====================================
Newton's Method
====================================

Root-Finding Problems
++++++++++++++++++++++++++

Given a scalar equation :math:`f(x)=0`, where :math:`f:[a,b]
\rightarrow {\mathbb R}` is a
continuous function, we want to compute its
approximate solutions (i.e. roots of the function :math:`f`).



Iterative Methods
+++++++++++++++++++++++++++

**Definition.** An `iterative method` is a mathematical procedure that 
generates a sequence of improving approximate solutions to a problem. An iterative method starts with an initial approximation,
which is often called an `initial guess`.

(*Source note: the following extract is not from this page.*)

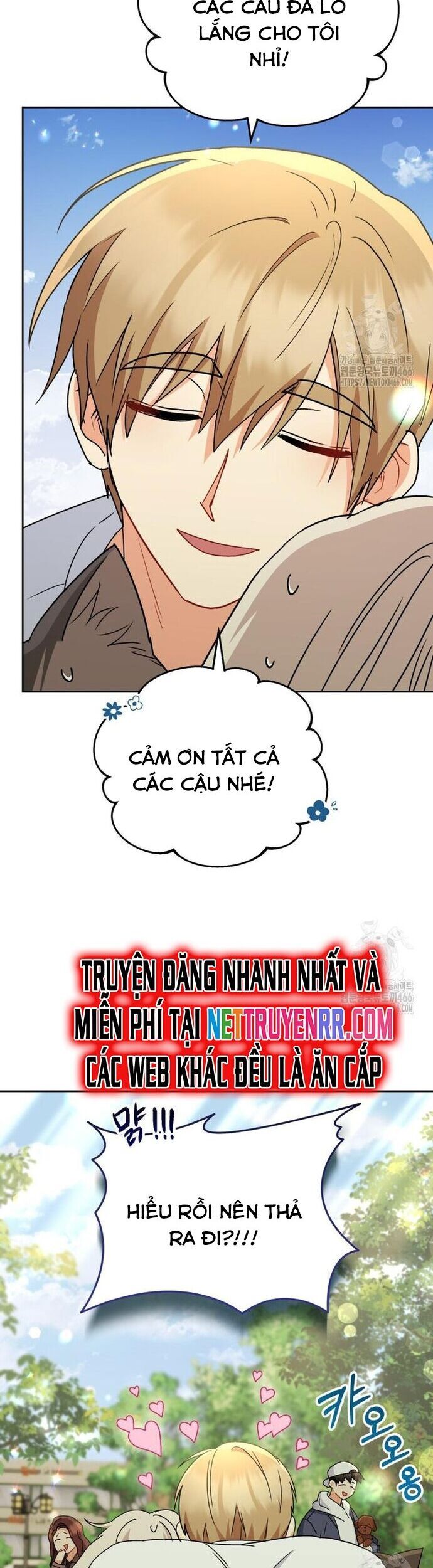 Xin Chào! Bác Sĩ Thú Y Chương 74 Ảnh 37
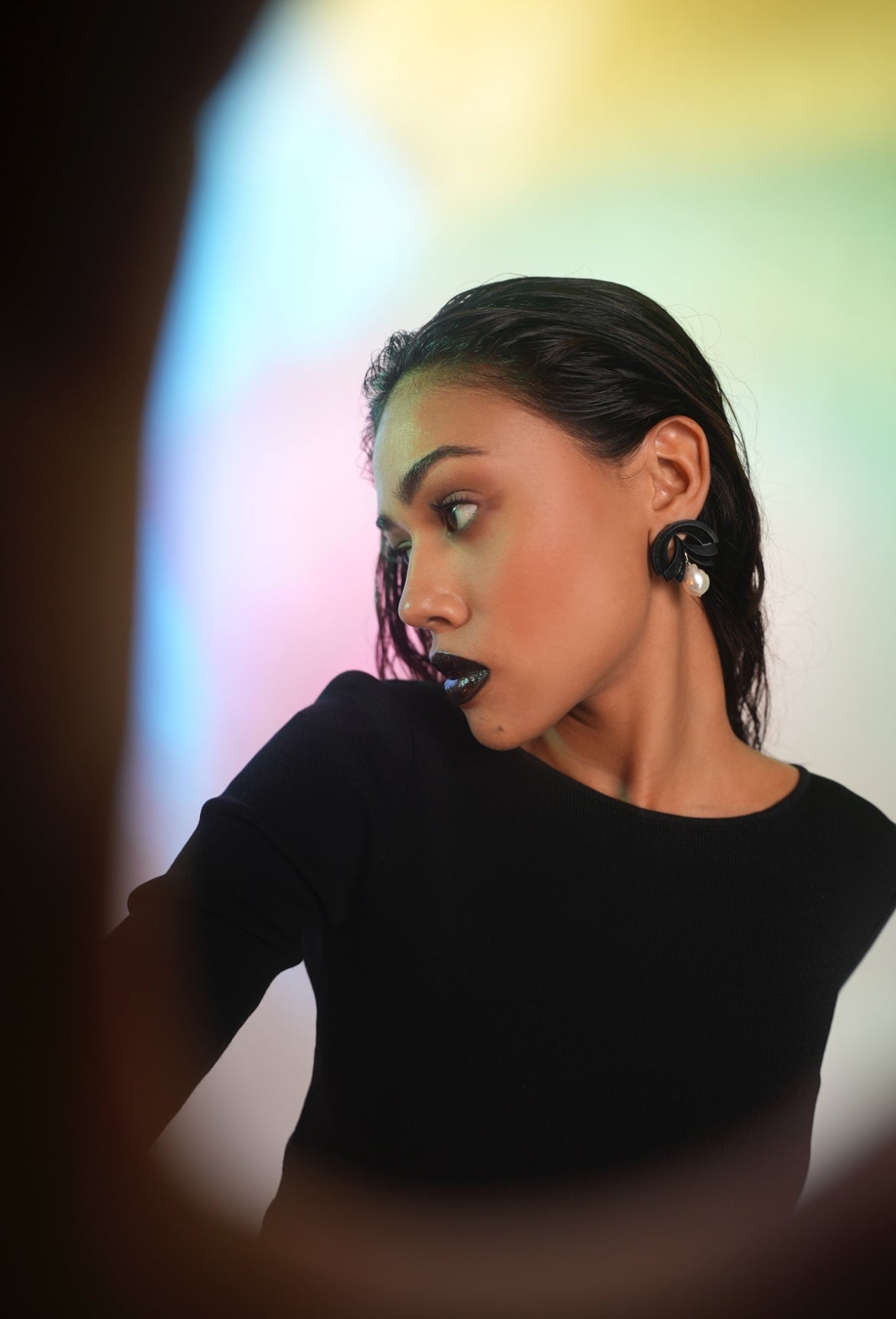 Rokoko | Studs (Black)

**Convergence:** Let :math:`r` be the exact solution to a given root-finding
problem, i.e. :math:`f(r)=0`. Let  :math:`x_0` be the initial guess
and consider a sequence :math:`x_1, x_2, \dotsc, x_n, x_{n+1}, \dotsc`
of improving approximate solutions generated by an iterative method. Consider the absolute
approximation error   :math:`\varepsilon_{n} =
|r-x_n|`. The iterative method is said to be `convergent` for the
given initial guess, if its
corresponding sequence converges to :math:`r`, that is, if :math:`\lim_{n
\rightarrow \infty} \varepsilon_n =0`.

**Linear convergence:** An iterative method is said to be `linearly
convergent` if :math:`\lim_{n
\rightarrow \infty} \frac{\varepsilon_{n+1}}{\varepsilon_{n}} = S
<1`.

**Quadratic convergence:** An iterative method is said to be `quadratically
convergent` if :math:`\lim_{n
\rightarrow \infty} \frac{\varepsilon_{n+1}}{\varepsilon_{n}^2} = M
<\infty`.

**Stopping criterion I:** A stopping criterion tells us when to terminate an iterative
algorithm. Given a small error tolerance :math:`TOL`, a common stopping
criterion is :math:`\varepsilon_n =
|r-x_n| \le TOL`. This will determine the number of iterations
:math:`n` necessary to obtain an approximate solution :math:`x_n` within the error tolerance. Note that in order to use this criterion we will need to know the exact root :math:`r`, which is often not available. The following criteria are hence more practical.
      

**Stopping criterion II:** In most practical root-finding problems we do not have
access to the exact root :math:`r`. In such cases we may consider the
quantity :math:`(E_{\rm abs})_{n} = |x_{n+1}-x_n|`, which
approximates the absolute error :math:`\varepsilon_{n} =
|r-x_{n}|`. The corresponding stopping criterion will then be :math:`(E_{\rm abs})_{n} =
|x_{n+1}-x_n| \le TOL`. Note that this is an acceptable criterion
since it is an indication of the convergence of :math:`x_n`.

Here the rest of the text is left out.